How does this beer taste? You say mango, I say fried onions
Savoury flavours are present in some hoppy beers but are perceived differently from person to person
A cooked onion flavour in beer can occur as a result of using particular hops. Photograph: iStockphoto/Getty/
Onions and garlic are not exactly flavours you’d expect when bringing a glass of beer to your lips. They may work well alongside each other – like a curry with a good IPA – but together they can make for a rather disorientating drinking experience. This savoury element is common enough, however, in hoppy craft offerings these days – sometimes just as a passing hint, like the distant whiff of frying, but at other times intense and a bit sweaty, like armpits and garlic mixed together.

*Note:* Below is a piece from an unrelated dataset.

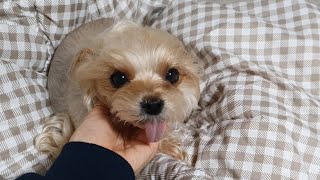 Dog reaction when coming home after going out for a while (Yorkshire Terrier)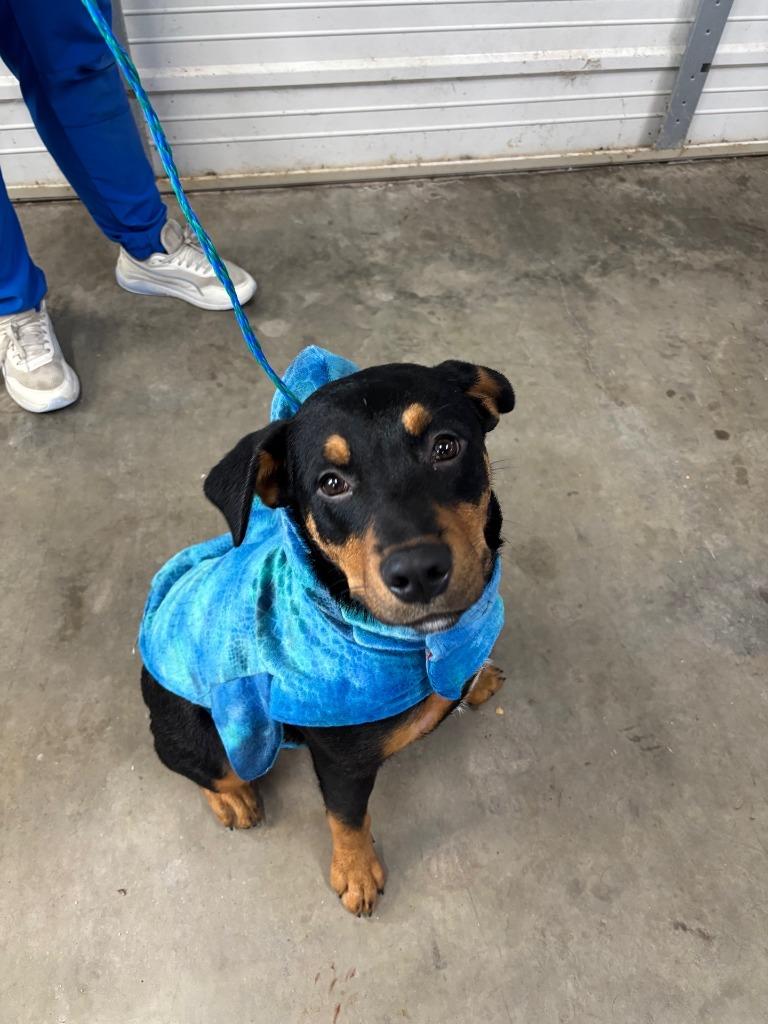 Dog Kennel #25 Ceasar Jr., Adoptable, Young Male Rottweiler & Mixed Breed.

Not so pleasant, you might think. Well, not for everybody. Interestingly, some people perceive this flavour only slightly or not at all, or as tropical fruit or mango, for example. And sometimes it is only when the flavour is pointed out or suggested that the drinker will recognise it (and then maybe start to dislike it).
Cooked onion is part of the normal profile of some beers. At higher levels, however, it can be regarded as an off-note or sulphurous. It can occur as a result of using particular hops – such as Simcoe and Mosaic, the hop darlings of the craft beer world – in big quantities, and sometimes without the correct balance and thought. These American variety hops have been particularly popular over the past few years and have been added in abundance to big, hoppy beers. Depending on the way you see – or taste – it, the rise of sweaty onion beers is one of the downsides of craft brewers’ blinding love of hops over all else.
Women, in general, detect odours at lower concentrations and are more likely to rate them as unpleasant or intense. So if you’re sitting down for a beer at the end of a rather long January, and enjoying its delicious pineapple or papaya flavour, but your date thinks it tastes like onion armpits – well, that’s okay. You’re both right.